**Dataset content**
[Start of Attachment]

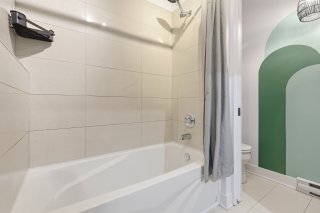 Ensuite bathroom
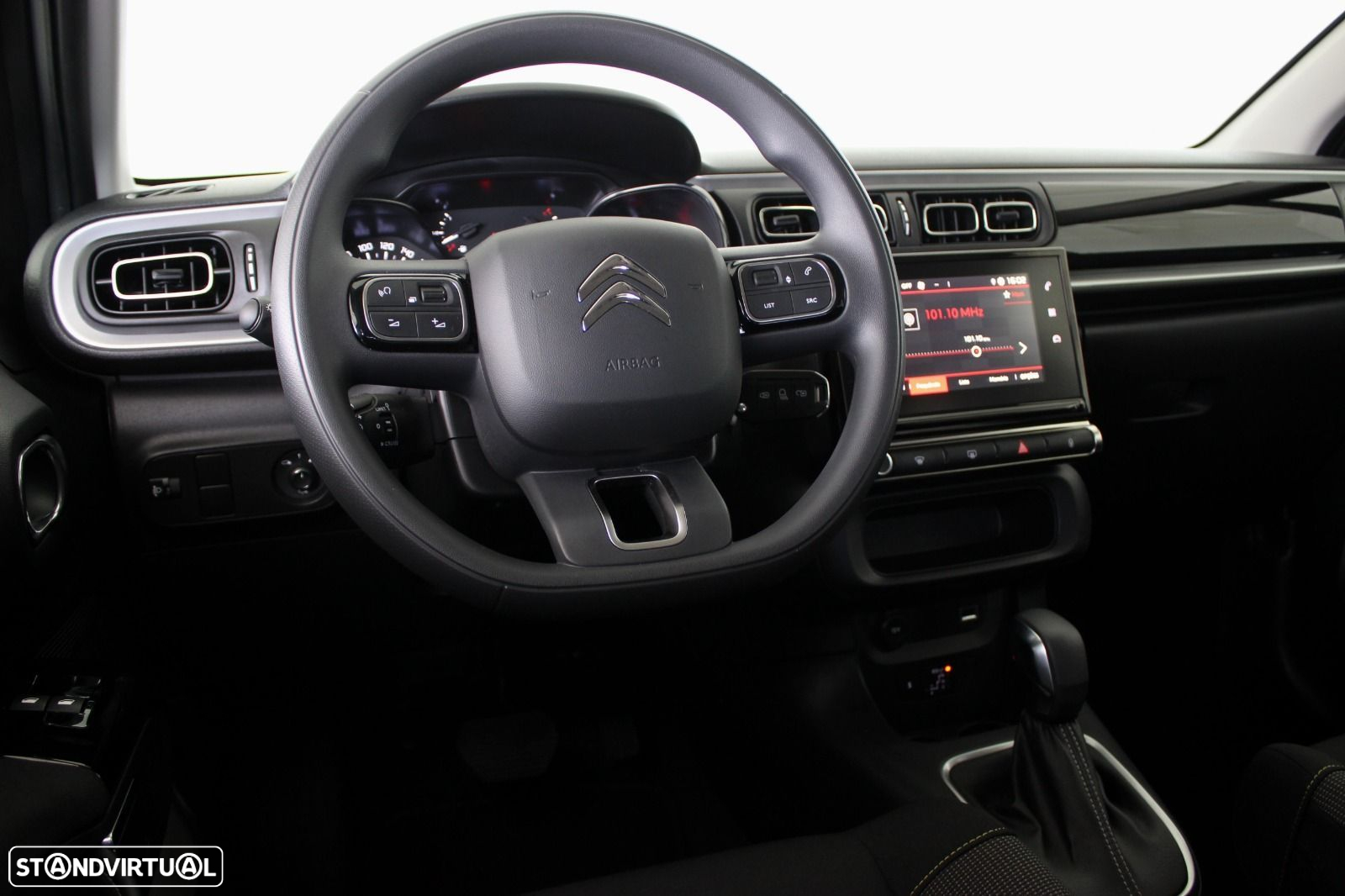 Citroën C3 1.2 PureTech Shine EAT6 - 17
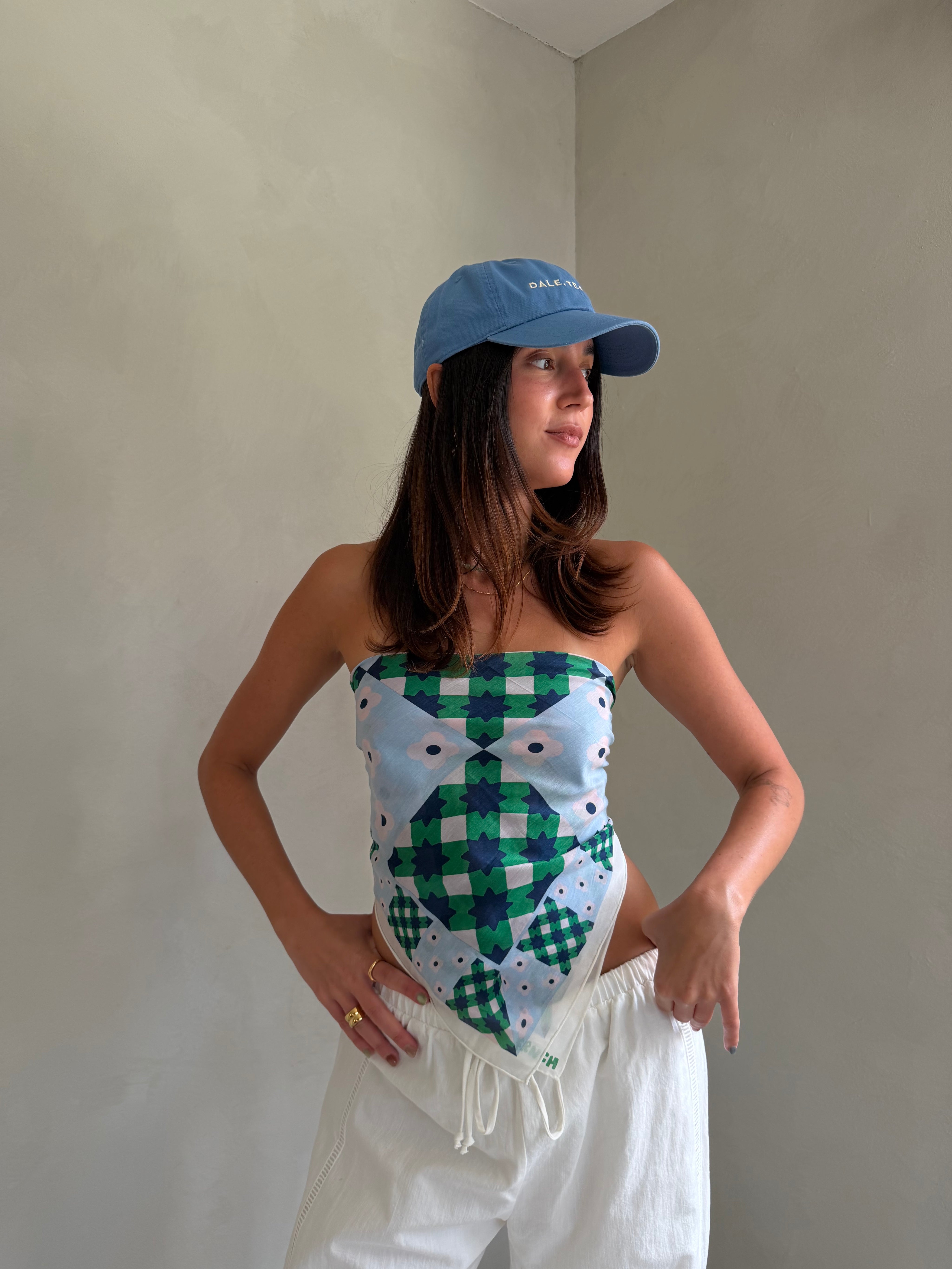 DALE, TE AVISO by Moni & Coli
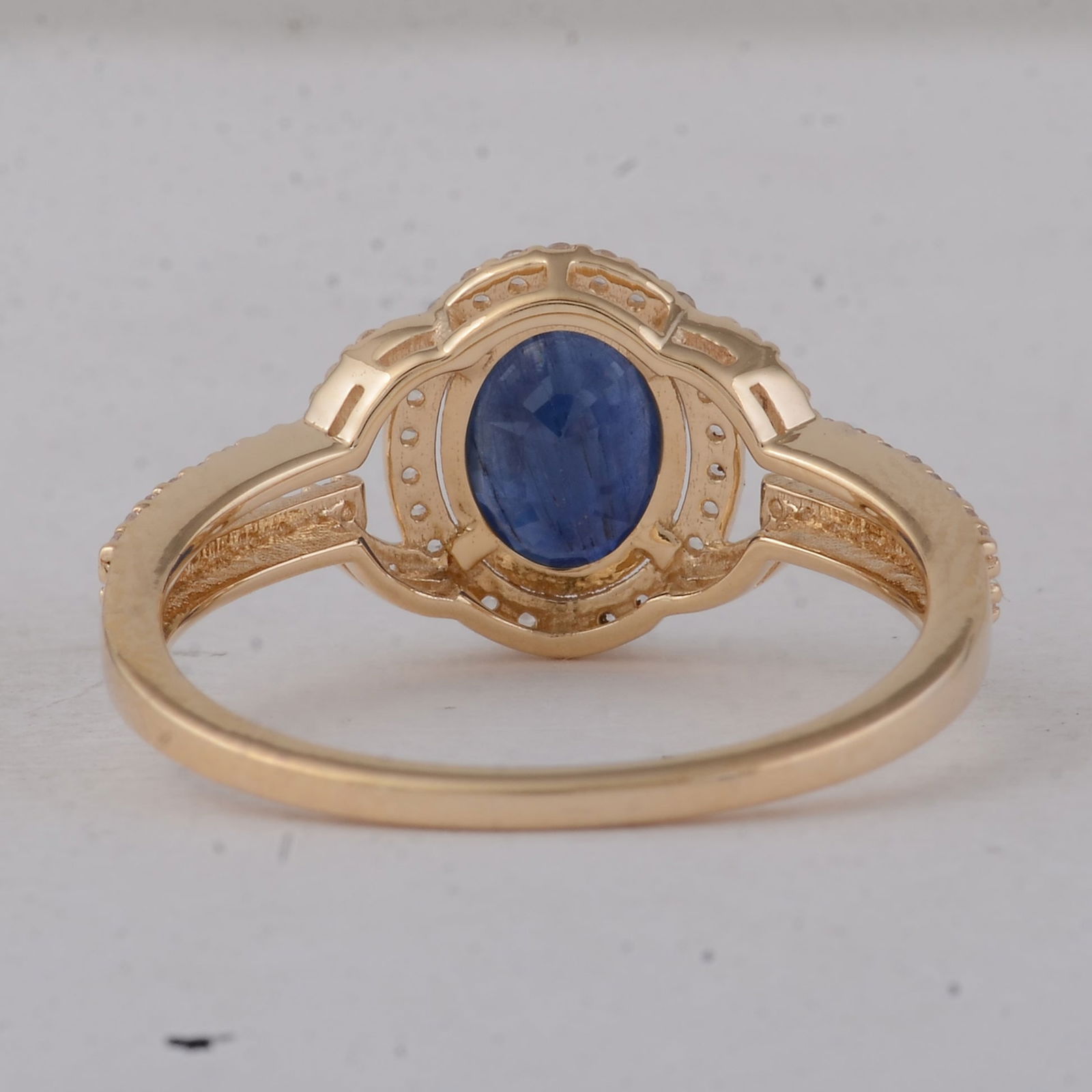 1.39 Ct Oval Emerald 9K Gold Ring - 4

[End of Attachment]

**Your instructions**
An exact copy of the listing above is to be set down, with no pictures in it.

**Output for this task**
 Ensuite bathroom
 Citroën C3 1.2 PureTech Shine EAT6 - 17
 DALE, TE AVISO by Moni & Coli
 1.39 Ct Oval Emerald 9K Gold Ring - 4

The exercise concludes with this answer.